[Collected data]
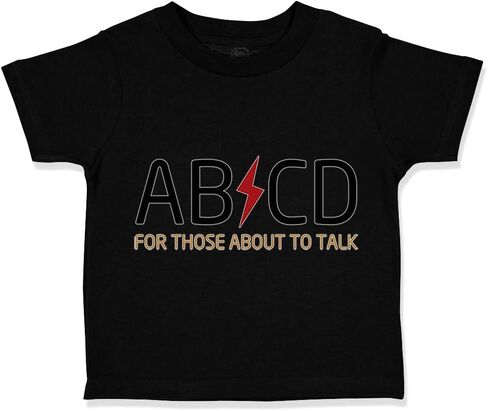 تي شيرت للأطفال الصغار Ab Cd ABCD Rock & Roll Funny Humor أروع ملابس Little 1 in Kuwait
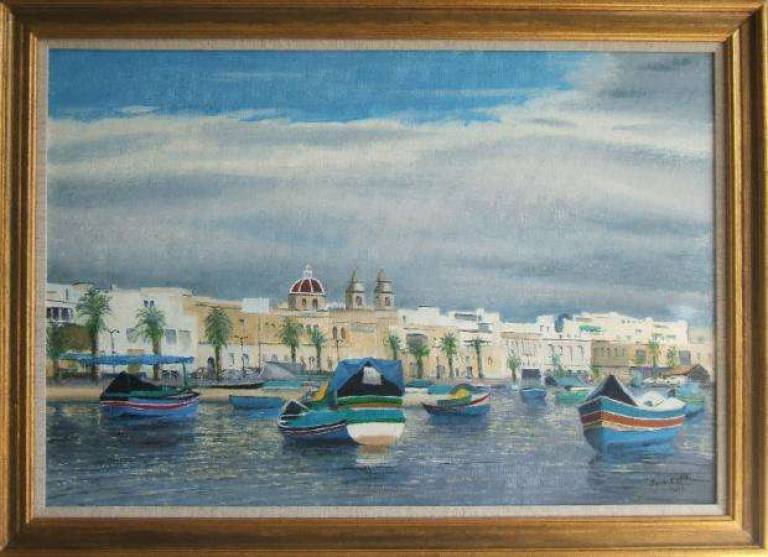 Marsaxlokk Harbour, Malta - John Field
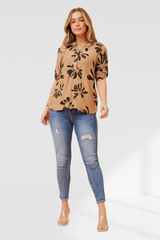 Georgie top -Toffee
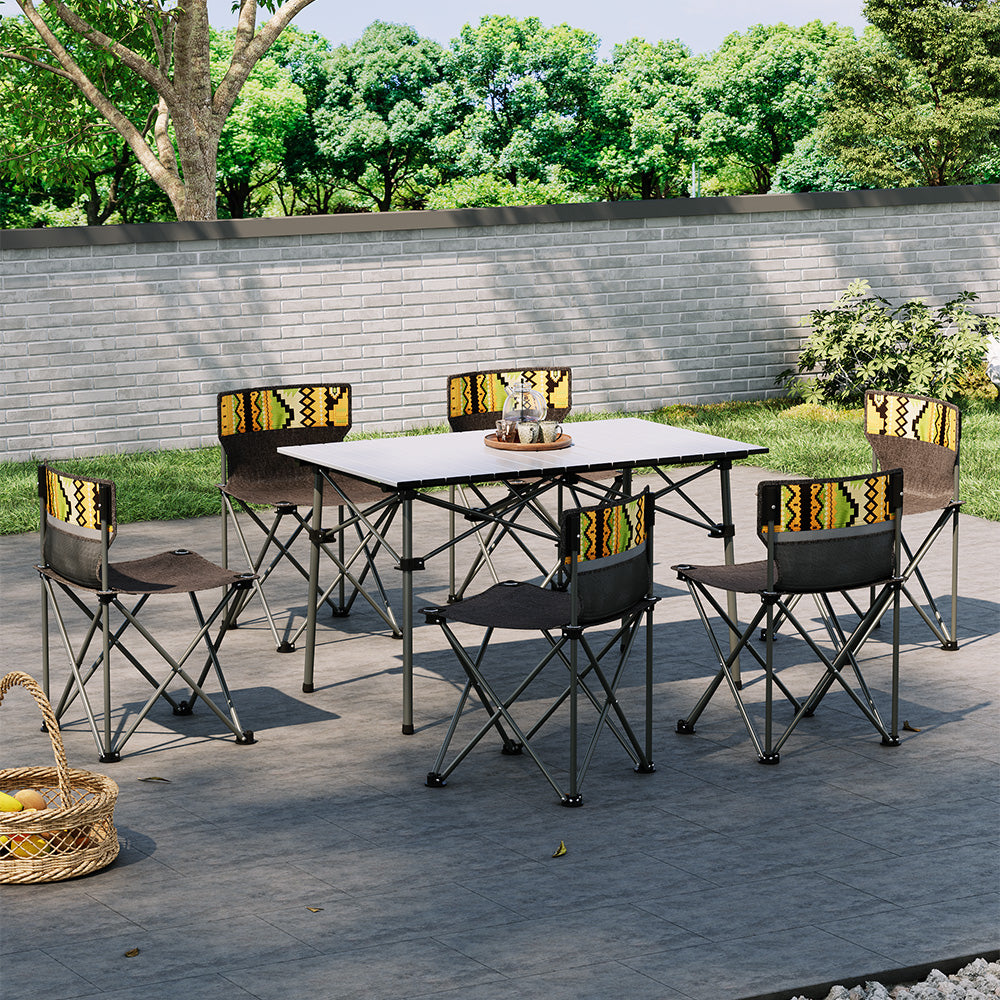 Outdoor Furniture Aluminium Camping Table And Chairs Outdoor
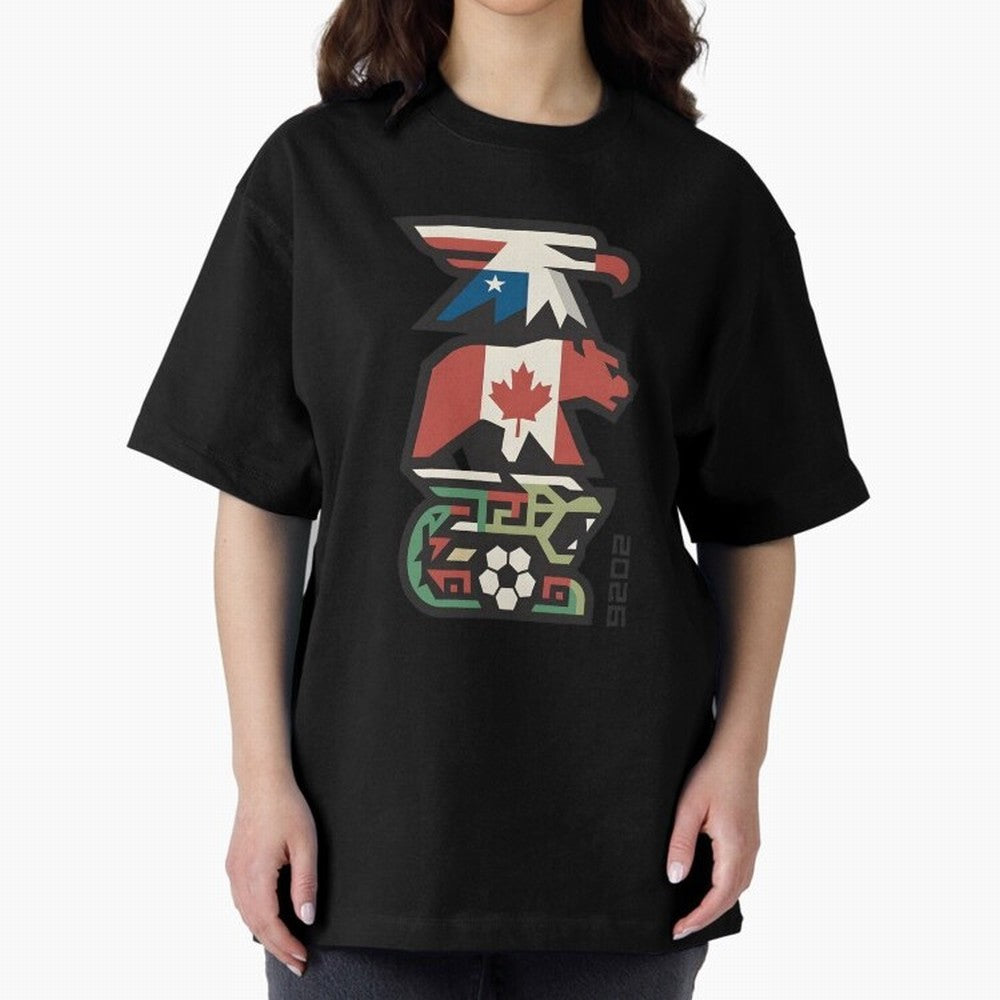 USA Canada Mexico World Cup 2026 Host Nations Classic T-Shirt Show Support during the FIFA World Cup 2026 Group Stage Journey through Haaland Highlights, Spain Pride, Classic Soccer Heritage, Championship Pressure, Fan Loyalty and International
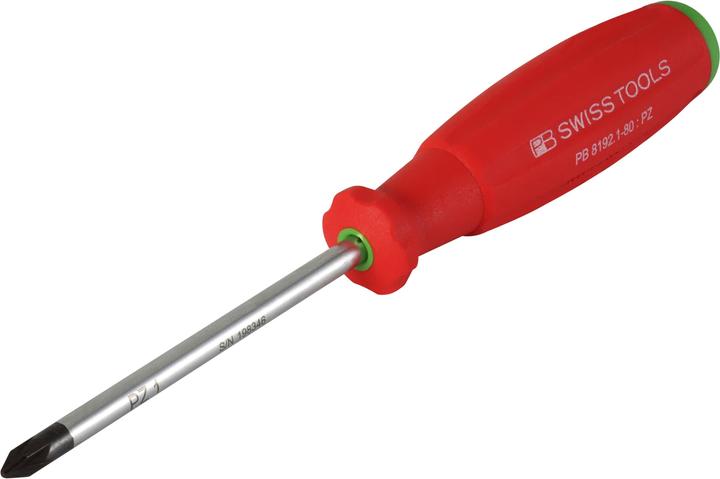 Produktbild PB Swiss Tools Schraubenzieher Pozi PB8192 SWISSGRIP (Pozidriv-Kreuzschlitz (PZ))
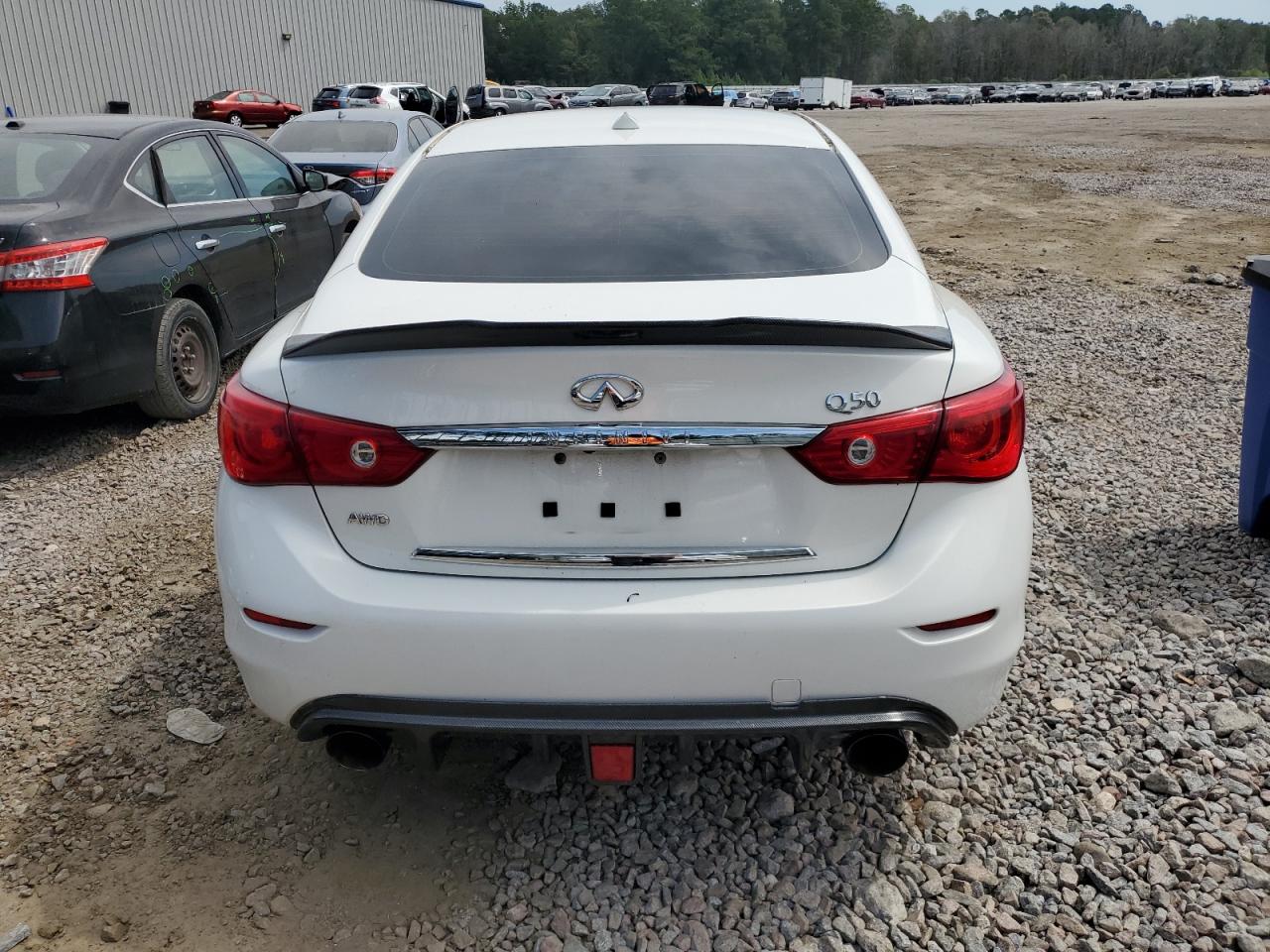 2014 Infiniti Q50 Base Белый vin: JN1BV7AR5EM701183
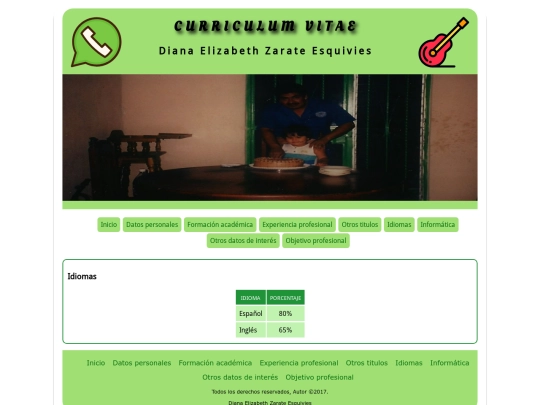 idiomas screenshot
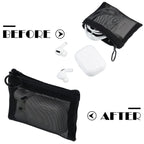 Frienda 10 Pcs Small Zipper Pouch Mini Cosmetic Bags Nylon Mesh Coin Purse Portable Cosmetic Case Storage Bags with Key Holder f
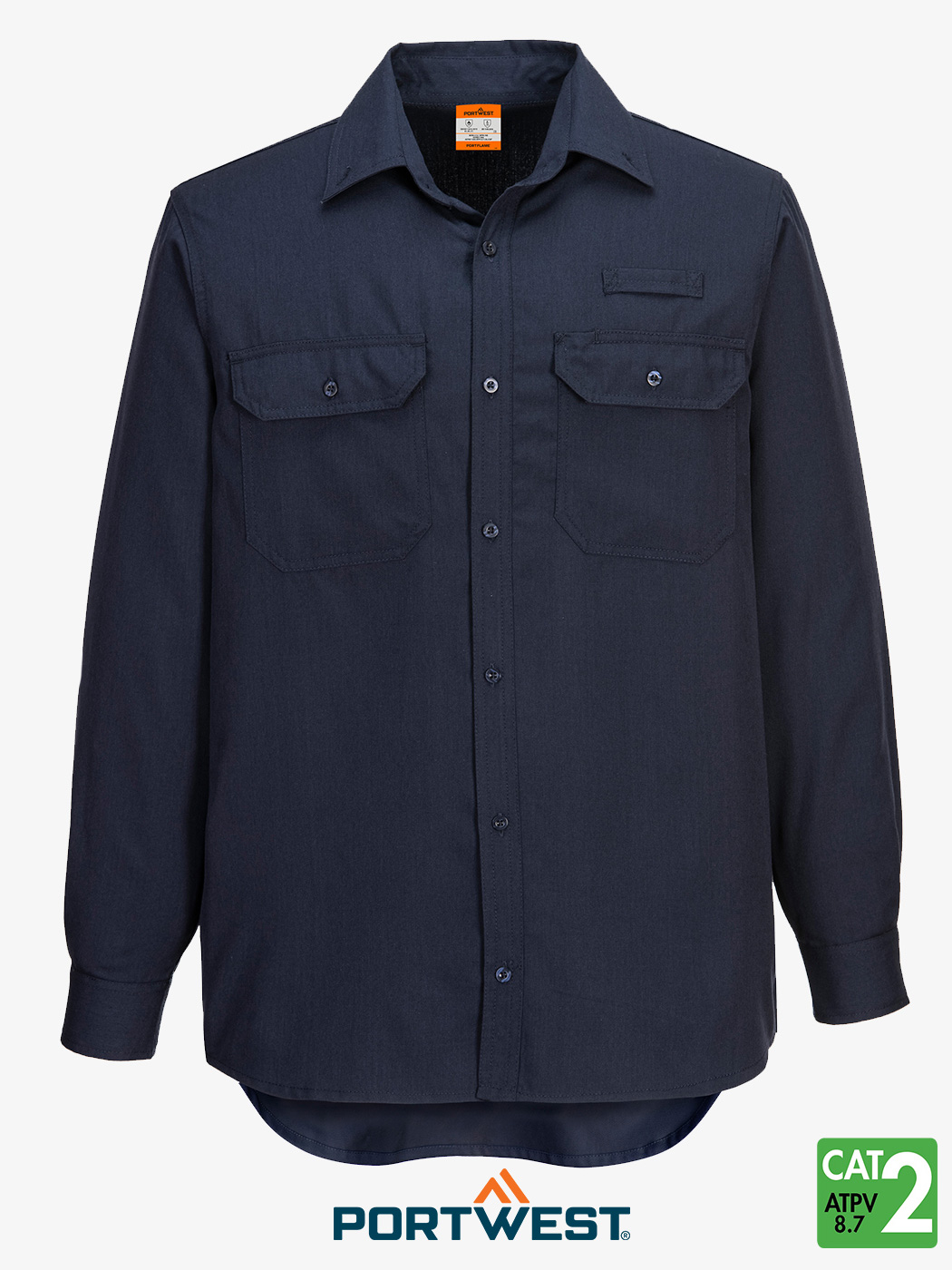 Portflame®+ 5.5 oz Vented FR Work Shirt – Style FR705
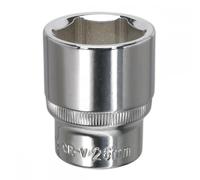 Sealey SP1226 Walldrive® Socket 26Mm 1/2inSq Drive Fully Polished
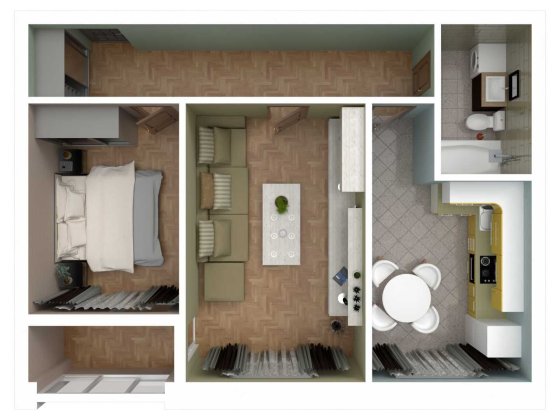 2-х кімнатна КВАРТИРА в збудованому будинку Каменец-Подольский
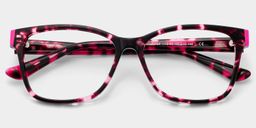 Eva Tortue rose Rectangulaire lunettes2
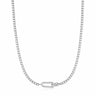 Silver Sparkle Chain Interlock Necklace
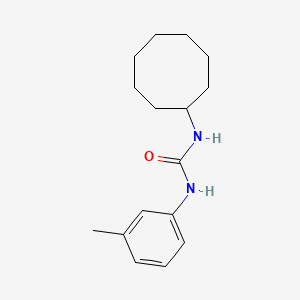 molecular formula C16H24N2O B5225675 1-Cyclooctyl-3-(3-methylphenyl)urea 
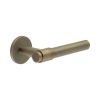 CR-103 Antique Brass Unsprung Round Rose Door Handle - By Frelan Hardware - CR-103A2AB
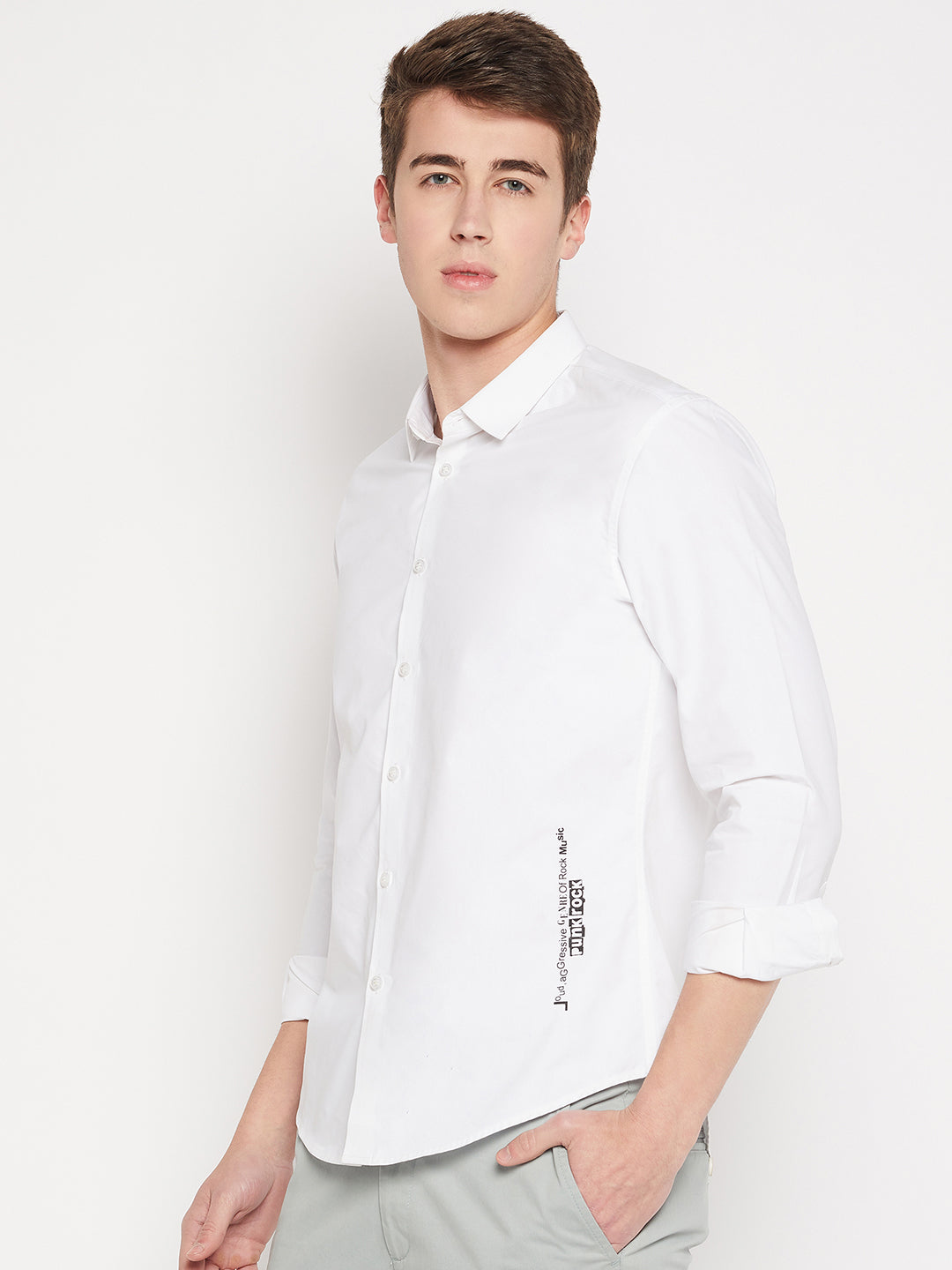 Camla Barcelona White Shirt For Men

[TASK DESCRIPTION] Nothing but the lines from the line containing "CR-103 Antique Brass" through the last line of the records above should be written out, exactly and without the pictures.

[SOLUTION FOR THIS PROBLEM]
 CR-103 Antique Brass Unsprung Round Rose Door Handle - By Frelan Hardware - CR-103A2AB
 Camla Barcelona White Shirt For Men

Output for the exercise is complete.